United States District Court, E.D. Texas, Tyler Division

May 30, 2019

DANNY VARNER
v.
UNITED STATES OF AMERICA

          MEMORANDUM ADOPTING REPORT AND RECOMMENDATION OF THE UNITED STATES MAGISTRATE JUDGE AND ENTERING FINAL JUDGMENT

          RON CLARK, SENIOR DISTRICT JUDGE

         The Movant Danny Varner, proceeding pro se, filed this motion to vacate or correct his sentence under 28 U.S.C. §2255 complaining of the validity of his federal conviction and sentence. This Court ordered that the matter be referred to the United States Magistrate Judge pursuant to 28 U.S.C. §636(b)(1) and (3) and the Amended Order for the Adoption of Local Rules for the Assignment of Duties to United States Magistrate Judges.

         I. Background

         On January 23, 2013, Varner was indicted on one count of possession with intent to distribute more than 50 grams of methamphetamine, which carries a penalty range of 10 years to life in prison. He and the Government could not agree on a written plea agreement, but Varner ultimately agreed to plead guilty to an information charging him with possession with intent to distribute methamphetamine, which carries a penalty range of up to 20 years in prison.

         Varner entered an open plea of guilty on January 23, 2014. There was no signed plea bargain agreement. Assistant United States Attorney Bill Baldwin stated that the only agreement between the parties was that if Varner entered the open plea to the information, the Government would dismiss the underlying indictment.

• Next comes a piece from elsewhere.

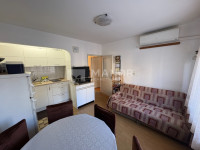 RIJEKA, DONJA VEŽICA, 2skl stan za najam s balkonom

         At the plea hearing, Varner testified that he understood what had happened in his case, he knew what he would be doing in court that day, he wished to waive his right to indictment, he was satisfied with his attorney, Assistant Federal Public Defender Wayne Dickey, he wished to plead guilty because he was in fact guilty, and he would give up a number of rights by persisting in his plea of guilty. He acknowledged that the factual resume was correct.

         Dickey told the Court that there was a question as to whether or not Varner was a career offender. If Varner pleaded to a charge carrying a penalty of 10 years to life, he would be looking at a plea for 262 months under the Sentencing Guidelines, and if he went to trial and was found guilty, he would be looking at a range of 360 months to life. However, Dickey stated that he and Baldwin had reached an agreement which would result in a sentencing range of 151 to 188 months if he were found to be a career offender, and Baldwin was willing to agree to a sentence of 188 months.

         A sentencing hearing was held on October 29, 2014, at which Varner was sentenced to 188 months in prison. He was represented at this hearing by Tonda Curry. The judgment was entered on November 3, 2014.

         On January 25, 2015, Varner wrote a letter to the Court asking about his appeal, saying that he “gave every indication of desire to have appellate review. I even left my publications on appeal with Tonda Curry prior to leaving Smith County.” However, he stated that he never received a notice that his appeal had been filed and he learned there was a time limit in which to appeal. The letter was construed as a notice of appeal, but the appeal was dismissed as untimely on January 10, 2017.

         II. The Motion to Vacate or Correct Sentence

         On May 29, 2018, Varner signed his motion to vacate or correct sentence under 28 U.S.C. §2255. He explained he filed a notice of appeal on February 2, 2015, referring to the letter he had signed on January 25, and said that on February 26, 2015, Curry withdrew as counsel and Charles Van Cleef was appointed to represent him. Van Cleef filed an Anders brief and motion to withdraw, but according to Varner, the Fifth Circuit invited further scrutiny of the career offender sentencing and directed Van Cleef to supplement the Anders brief or file a merits brief. While the appeal was pending, Varner filed a pro se motion for sentence reduction under 18 U.S.C. §3582. The motion was denied and Varner appealed, and Van Cleef was appointed as counsel in that appeal as well. The appeals were consolidated and later dismissed as untimely.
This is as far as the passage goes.